Playing with some rubber bands. Any feedback on this setup. Chaining always seemed like there was too many knots which don't contribute to power and create a weak sspot.braiding just looks messy.


----------



## KawKan (May 11, 2013)

Well, that is a neat looking set up.

Seems like it should send 5/8-inch marbles or 1/2-inch steel downrange with authority.

It will be interesting to hear where this set-up fails: At the pouch, or the tie between the 4 and the 3.

Those office bands are fun to play with!


----------



## Ibojoe (Mar 13, 2016)

It’s what I shot as a teenager. Old school is cool


----------



## Tree Man (Jun 30, 2016)

I'm trying that! Soon as I get some rubber bands.


----------



## SJAaz (Apr 30, 2019)

Interesting concept...

Let us know how it works out in the long run.


----------



## tangolima (Mar 2, 2020)

It does look cool and reminds me of the years long ago when I was a poor kid.

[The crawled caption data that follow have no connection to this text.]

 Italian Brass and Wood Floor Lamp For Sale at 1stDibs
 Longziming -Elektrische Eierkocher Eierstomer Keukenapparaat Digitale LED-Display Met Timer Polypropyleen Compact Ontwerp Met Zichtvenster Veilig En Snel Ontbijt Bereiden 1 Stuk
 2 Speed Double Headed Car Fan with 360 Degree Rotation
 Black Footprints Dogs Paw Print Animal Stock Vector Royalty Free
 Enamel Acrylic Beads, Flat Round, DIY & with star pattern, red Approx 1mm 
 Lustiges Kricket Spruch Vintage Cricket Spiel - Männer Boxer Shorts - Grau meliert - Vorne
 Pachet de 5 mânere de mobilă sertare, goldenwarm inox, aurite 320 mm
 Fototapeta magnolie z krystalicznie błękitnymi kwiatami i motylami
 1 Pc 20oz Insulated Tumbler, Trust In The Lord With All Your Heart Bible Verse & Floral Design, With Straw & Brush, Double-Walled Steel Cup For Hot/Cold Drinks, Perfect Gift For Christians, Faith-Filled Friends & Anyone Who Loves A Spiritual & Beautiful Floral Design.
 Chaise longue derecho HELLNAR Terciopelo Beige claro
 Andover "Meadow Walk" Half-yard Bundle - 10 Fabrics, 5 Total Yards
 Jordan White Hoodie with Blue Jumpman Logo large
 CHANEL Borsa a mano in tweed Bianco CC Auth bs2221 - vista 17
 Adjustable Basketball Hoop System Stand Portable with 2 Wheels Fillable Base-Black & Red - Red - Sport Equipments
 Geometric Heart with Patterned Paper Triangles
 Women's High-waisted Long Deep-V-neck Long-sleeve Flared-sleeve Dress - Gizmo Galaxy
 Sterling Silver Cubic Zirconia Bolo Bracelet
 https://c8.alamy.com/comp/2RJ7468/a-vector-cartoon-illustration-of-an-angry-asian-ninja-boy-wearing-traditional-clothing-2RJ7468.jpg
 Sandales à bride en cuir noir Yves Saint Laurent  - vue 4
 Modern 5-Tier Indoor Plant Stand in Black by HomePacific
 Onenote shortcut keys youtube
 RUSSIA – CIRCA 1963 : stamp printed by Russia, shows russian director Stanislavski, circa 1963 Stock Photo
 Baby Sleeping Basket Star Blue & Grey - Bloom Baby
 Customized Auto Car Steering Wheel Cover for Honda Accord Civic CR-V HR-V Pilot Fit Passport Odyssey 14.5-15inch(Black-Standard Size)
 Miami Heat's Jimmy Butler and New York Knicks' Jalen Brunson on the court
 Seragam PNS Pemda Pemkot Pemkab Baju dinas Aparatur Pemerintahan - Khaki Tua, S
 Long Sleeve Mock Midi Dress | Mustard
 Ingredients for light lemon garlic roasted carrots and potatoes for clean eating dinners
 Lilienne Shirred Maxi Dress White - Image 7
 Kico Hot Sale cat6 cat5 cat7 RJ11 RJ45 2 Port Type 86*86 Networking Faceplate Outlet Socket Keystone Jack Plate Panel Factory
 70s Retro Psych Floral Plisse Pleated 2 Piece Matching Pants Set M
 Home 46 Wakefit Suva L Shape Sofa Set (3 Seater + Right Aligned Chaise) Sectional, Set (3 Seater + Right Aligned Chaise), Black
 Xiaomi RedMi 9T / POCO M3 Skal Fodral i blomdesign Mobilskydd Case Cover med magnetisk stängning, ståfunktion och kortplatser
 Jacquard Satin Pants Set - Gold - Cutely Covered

However, I do have concerns about those band loops. If they catch the projectile, they may probably send it back to you with fearful force. I have passed my youth, so only straight and clean bands or tubes. No loops, pockets, or the like.

-TL

Sent from my SM-N960U using Tapatalk


----------



## greenwart (Apr 24, 2020)

Got to shoot it today.it is pretty serious for some rubber bands. First time I shot the snap jaw and had a few fork strikes which I Hadn't had with any of my other slings.Couldn't dial it in with 3/8" steel. It really liked the marbles. It isn't as wide as some of my other slings so it always felt uncomfortable. May need to be 1/2" wider. That is the great thing about making your own you can get the right fit. Might back off on the power. It shattered the plastic catch tub.


----------